Mathematics > Optimization and Control
[Submitted on 13 Dec 2018 (v1), last revised 27 Jan 2020 (this version, v3)]
Title:Deep neural networks algorithms for stochastic control problems on finite horizon: numerical applications
View PDFAbstract:This paper presents several numerical applications of deep learning-based algorithms that have been introduced in [HPBL18]. Numerical and comparative tests using TensorFlow illustrate the performance of our different algorithms, namely control learning by performance iteration (algorithms NNcontPI and ClassifPI), control learning by hybrid iteration (algorithms Hybrid-Now and Hybrid-LaterQ), on the 100-dimensional nonlinear PDEs examples from [EHJ17] and on quadratic backward stochastic differential equations as in [CR16]. We also performed tests on low-dimension control problems such as an option hedging problem in finance, as well as energy storage problems arising in the valuation of gas storage and in microgrid management.
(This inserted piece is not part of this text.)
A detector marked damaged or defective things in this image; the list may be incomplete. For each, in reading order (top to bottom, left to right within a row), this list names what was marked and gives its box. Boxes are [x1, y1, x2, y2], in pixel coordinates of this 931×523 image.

Numerical results and comparisons to quantization-type algorithms Qknn, as an efficient algorithm to numerically solve low-dimensional control problems, are also provided; and some corresponding codes are available on this https URL.
Submission history
From: Come Hure [view email] [via CCSD proxy][v1] Thu, 13 Dec 2018 09:44:23 UTC (4,965 KB)
[v2] Mon, 20 May 2019 09:08:07 UTC (2,715 KB)
[v3] Mon, 27 Jan 2020 07:24:40 UTC (3,772 KB)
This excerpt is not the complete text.